The paper tackles the problem of verifying privacy guarantees in quantum machine learning models by introducing the first black-box auditing framework based on Lifted Quantum Differential Privacy, which uses quantum canaries to detect memorization and quantify privacy leakage during training with comprehensive evaluations on simulated and physical quantum hardware.

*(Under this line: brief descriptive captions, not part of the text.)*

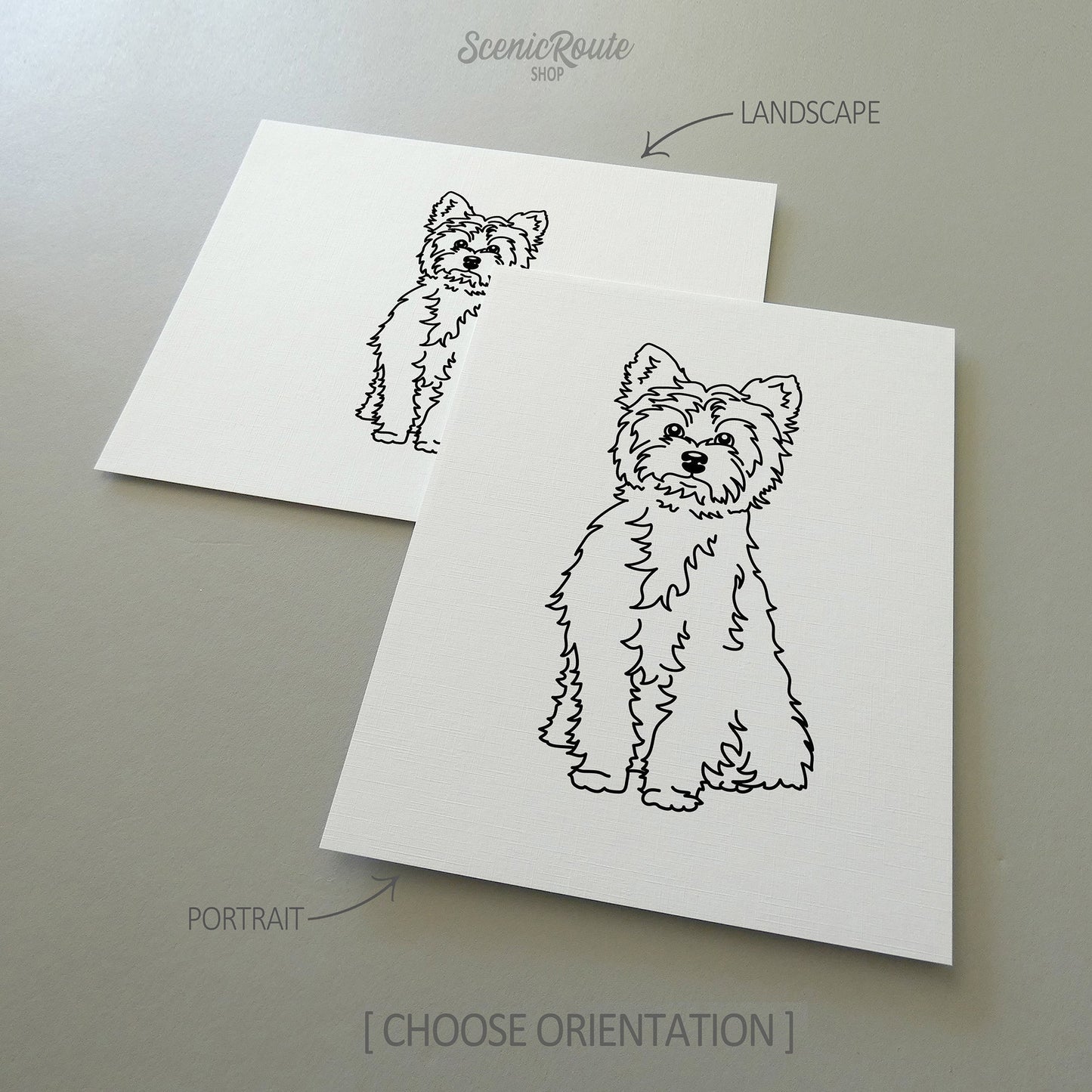 Two line art drawings of a Yorkshire Terrier dog on white linen paper with a gray background.  The pieces are shown in portrait and landscape orientation for the available art print options.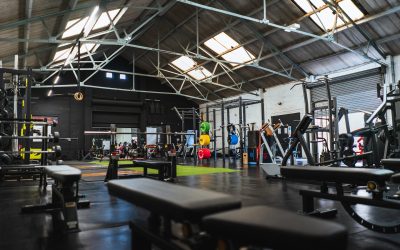 Is Owning a Gym or Fitness Franchise Profitable? – A Deep Dive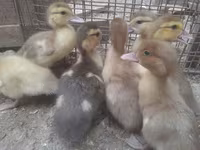 Ducks — الصورة 5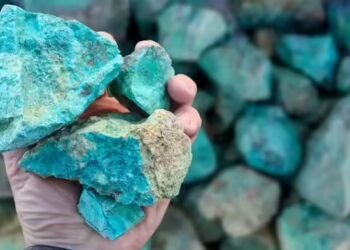 कभी चीन तो कभी चिली, इस ‘खजाने’ के लिए भागा-भागा फिर रहा अमेरिका, भारत की क्या तैयारी?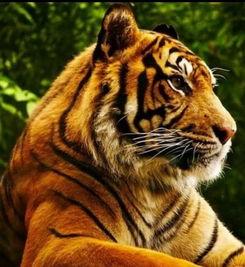 吃瓜视频龙虎,揭秘吃瓜视频背后的精彩故事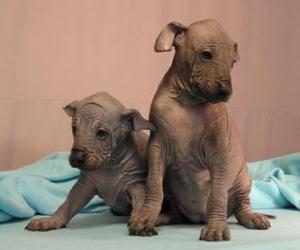Mexican Hairless Dog or Xoloitzcuintli puppies puzzle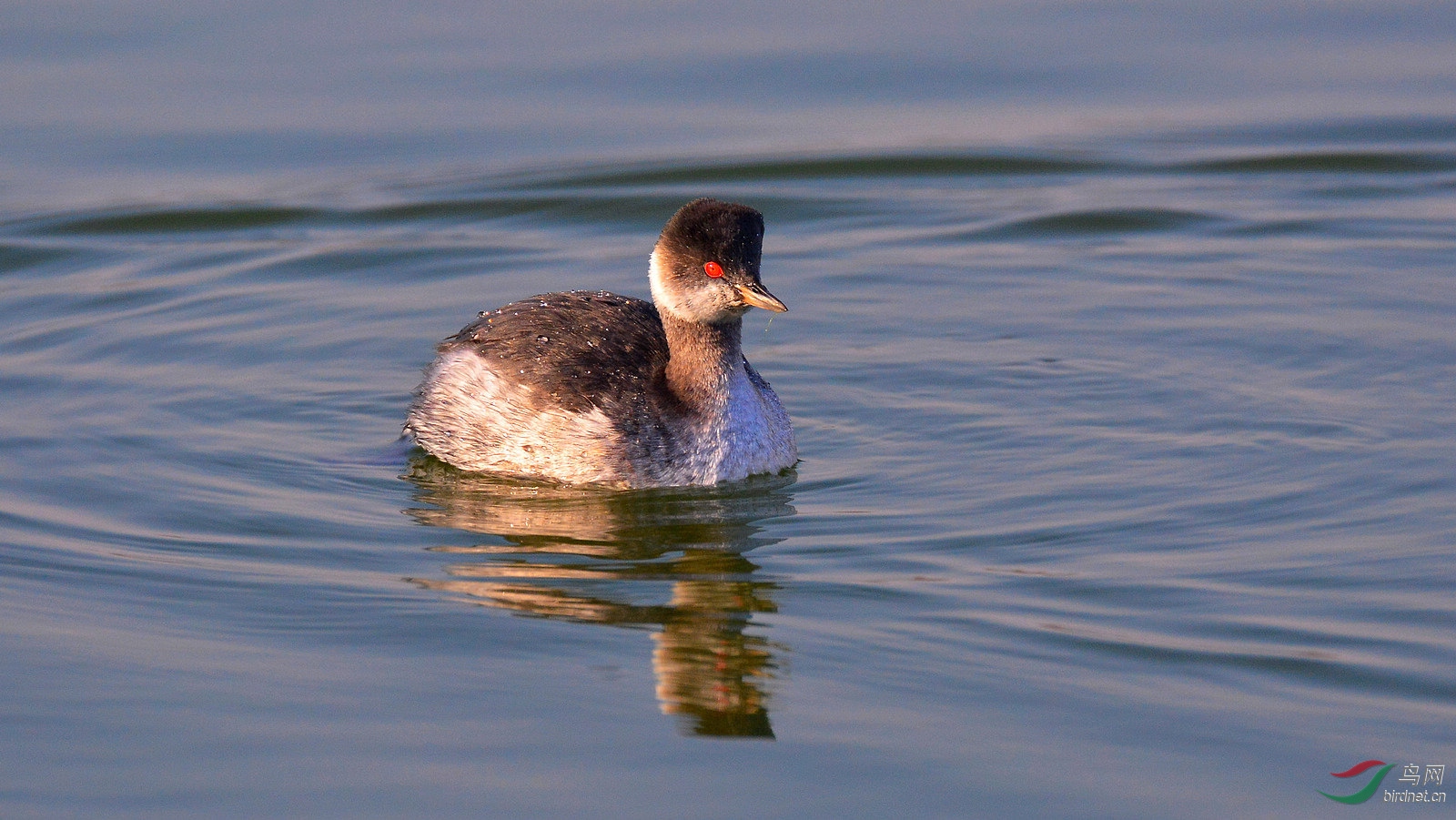 DSC_6390.JPG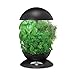 Miracle-Gro AeroGarden 3-Pod Indoor Garden with Gourmet Herb Seed Kit, Black
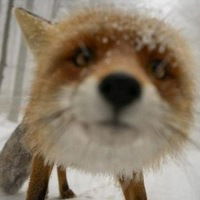 Вячеслав Пигарев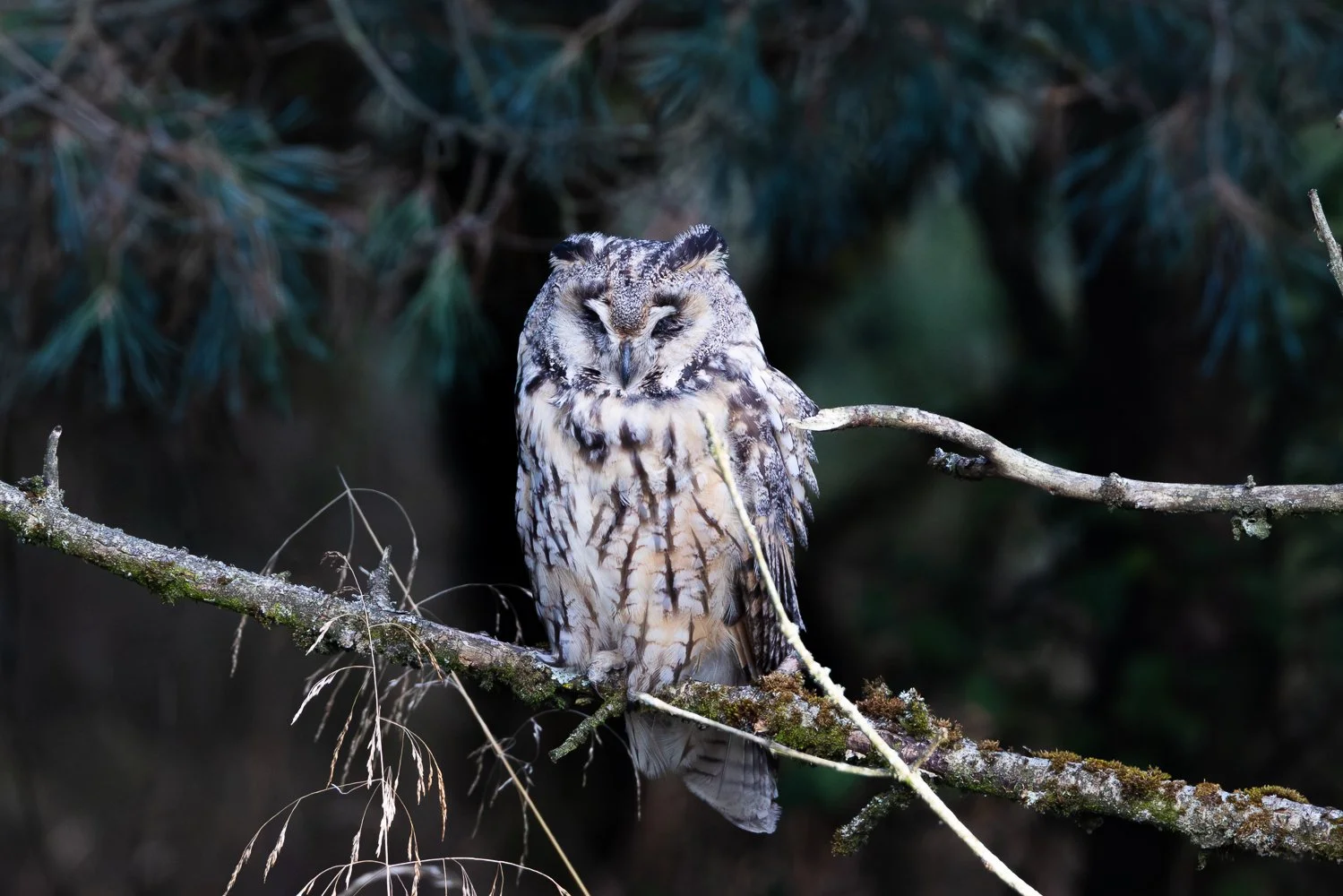 Long Eared Owl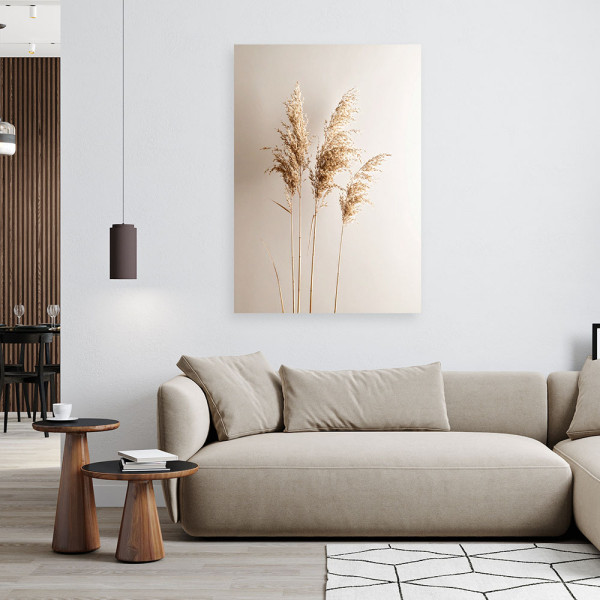 Obraz do salonu kuchni biura, Trawa pampasowa rośliny natura beżowy 20x30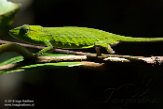 MG20160846 Perinet kameleon / Calumma gastrotaenia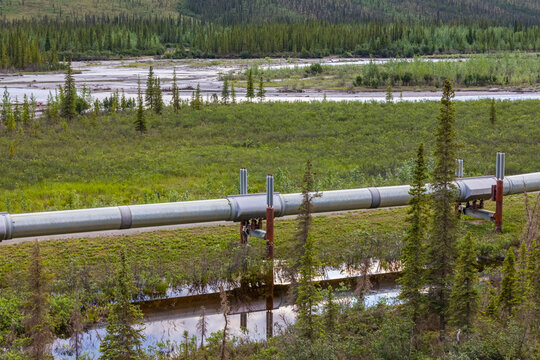The Trans-Alaska Pipeline reflects in a pond beside the Dalton Highway; Alaska, United States of America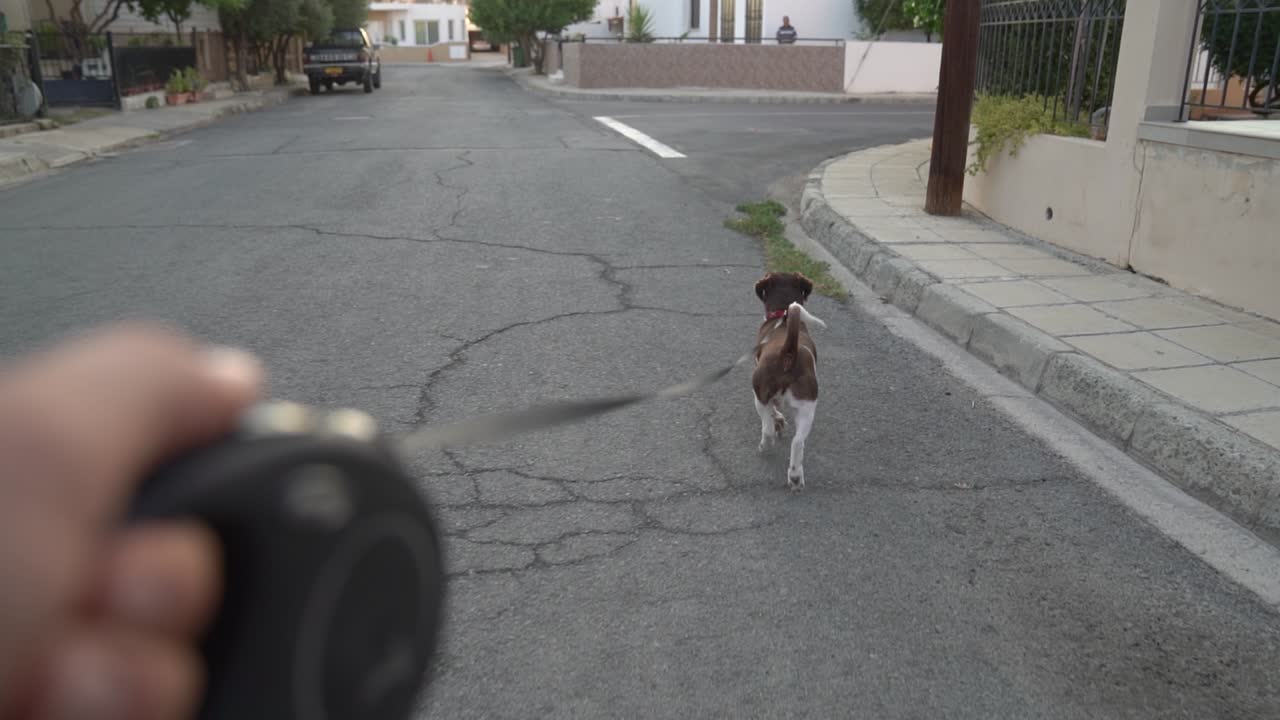 Walking Dog on the street with leash being held in foreground slow motion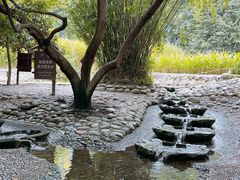 -成都市活水公园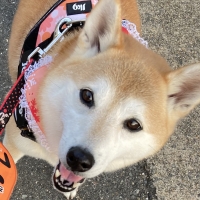 オッティモ（Ｏｔｔｉｍｏ）　高齢犬用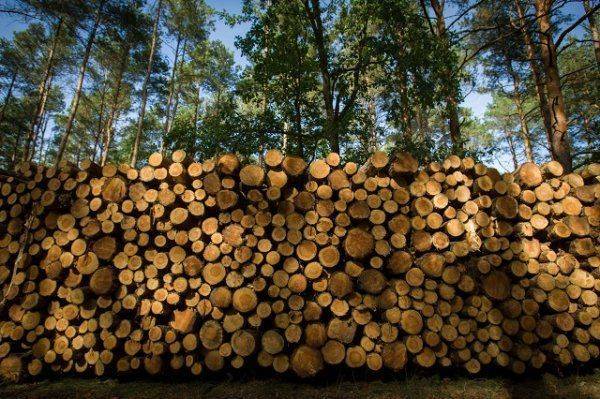 Продано: Украина отдает свои леса за бесценок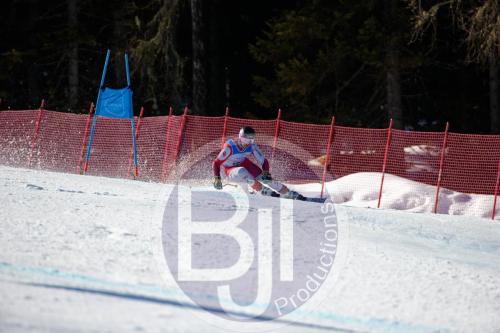 BJT10135 DxO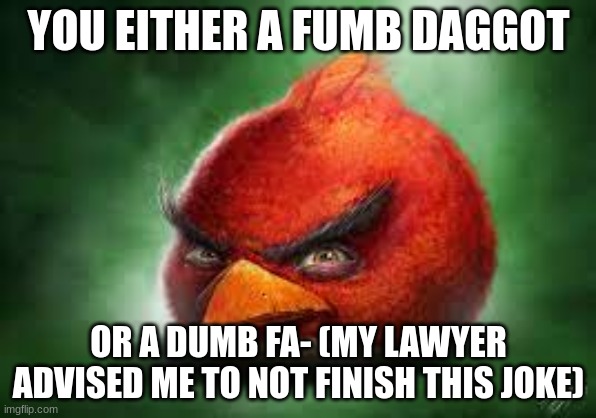 Realistic Red Angry Birds | YOU EITHER A FUMB DAGGOT; OR A DUMB FA- (MY LAWYER ADVISED ME TO NOT FINISH THIS JOKE) | image tagged in realistic red angry birds | made w/ Imgflip meme maker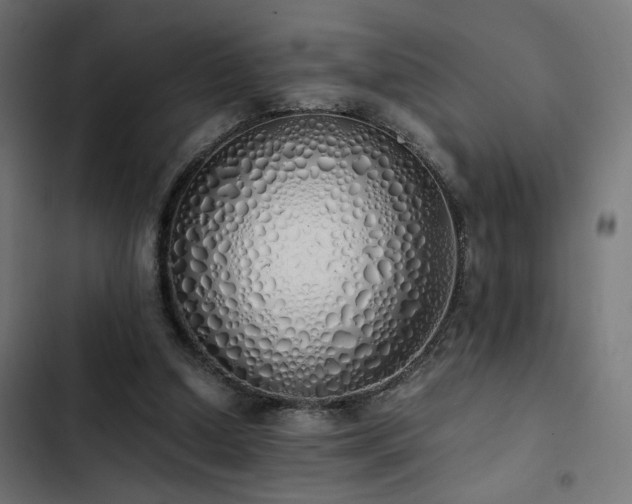 X0000103500250200809121746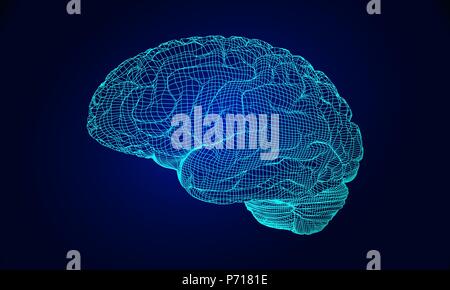 Blue wireframe brain glowing on dark space background Stock Vector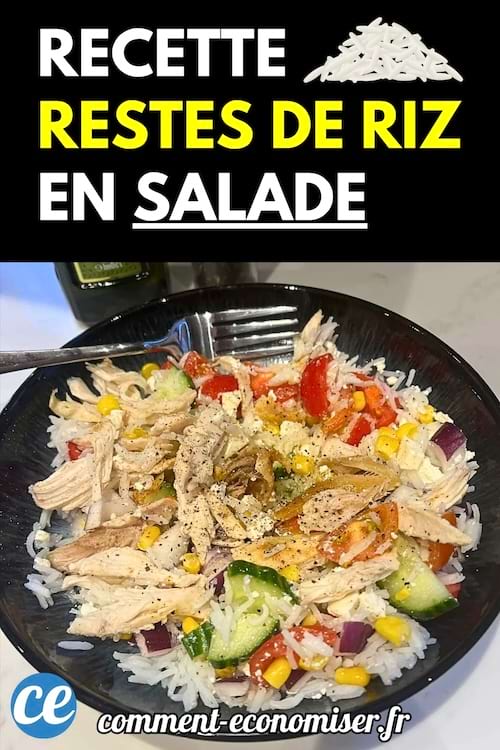 Une assiette contenant une salade froide à base de riz, de légumes variés et de poulet effiloché.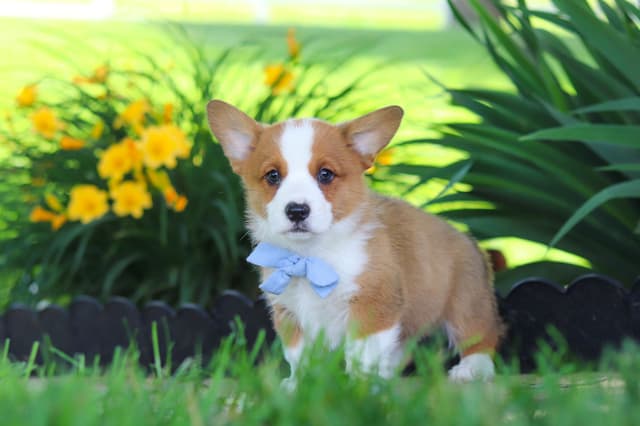 Pembroke Welsh Corgi Puppies media 18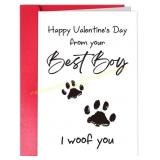 11Ct TQDaiker Funny Valentine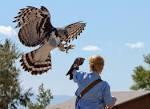 What is someone who is training to become a falconer by helping one?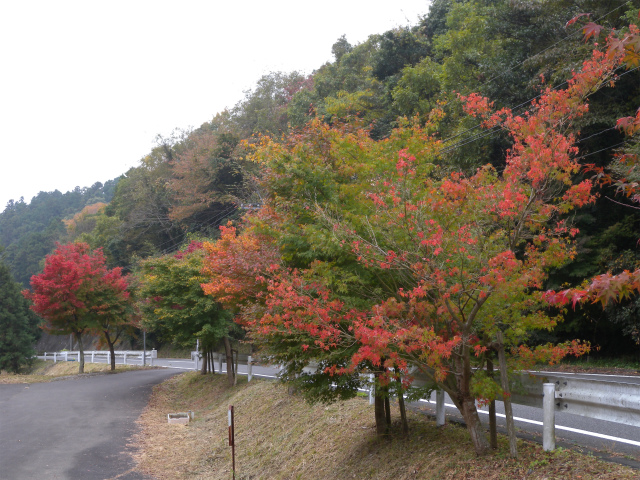 鋸山（田原山）のツメレンゲ＆紅葉！_e0272335_17215186.jpg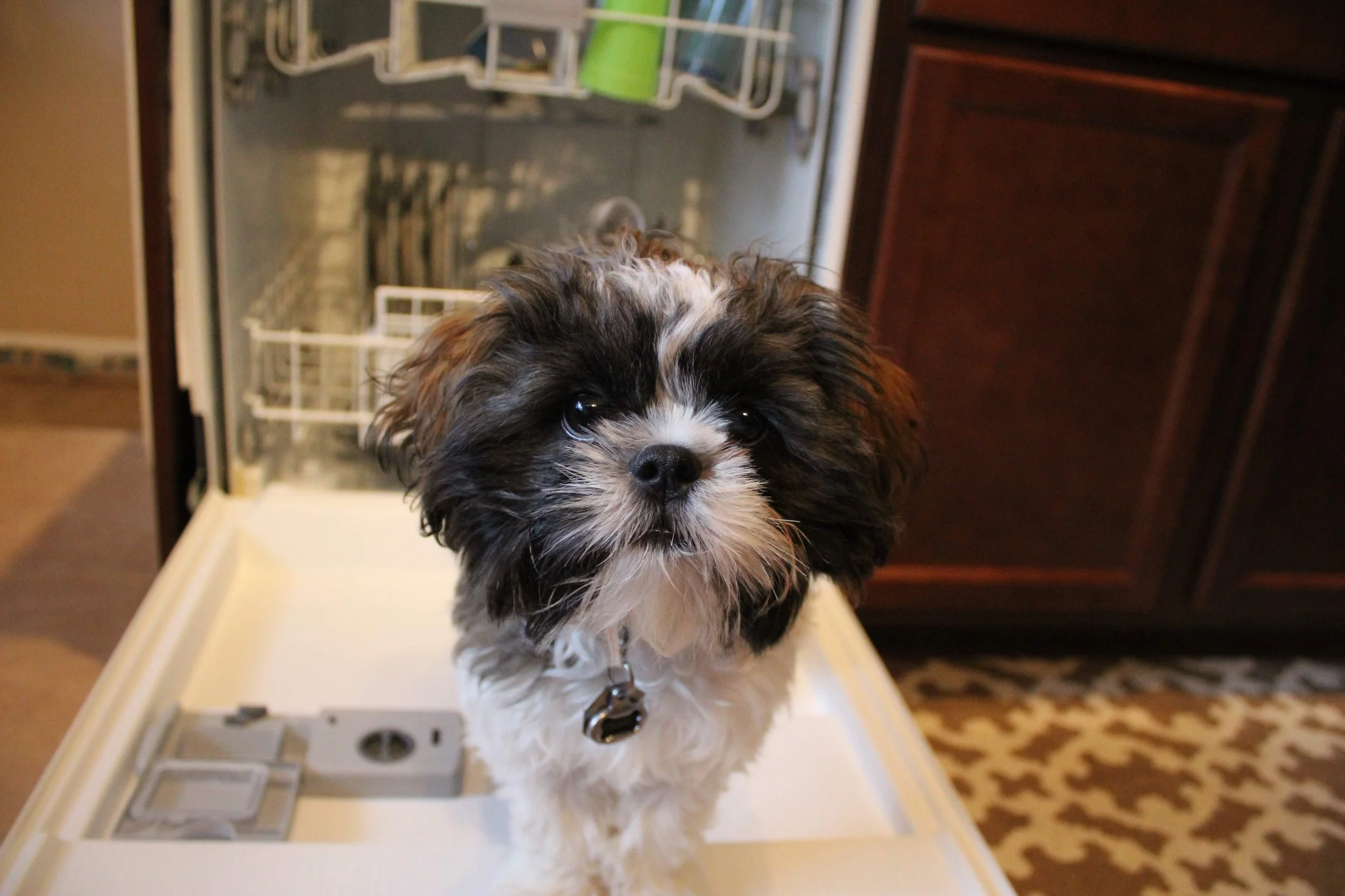 colorado springs | august 2015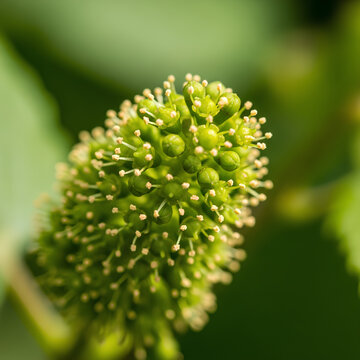 Closeup of a green grape flower cluster in the sunlight.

Quantum machine learning (QML) promises significant computational advantages, yet models trained on sensitive data risk memorizing individual records, creating serious privacy vulnerabilities. While Quantum Differential Privacy (QDP) mechanisms provide theoretical worst-case guarantees, they critically lack empirical verification tools for deployed models. We introduce the first black-box privacy auditing framework for QML based on Lifted Quantum Differential Privacy, leveraging quantum canaries (strategically offset-encoded quantum states) to detect memorization and precisely quantify privacy leakage during training. Our framework establishes a rigorous mathematical connection between canary offset and trace distance bounds, deriving empirical lower bounds on privacy budget consumption that bridge the critical gap between theoretical guarantees and practical privacy verification. Comprehensive evaluations across both simulated and physical quantum hardware demonstrate our framework's effectiveness in measuring actual privacy loss in QML models, enabling robust privacy verification in QML systems.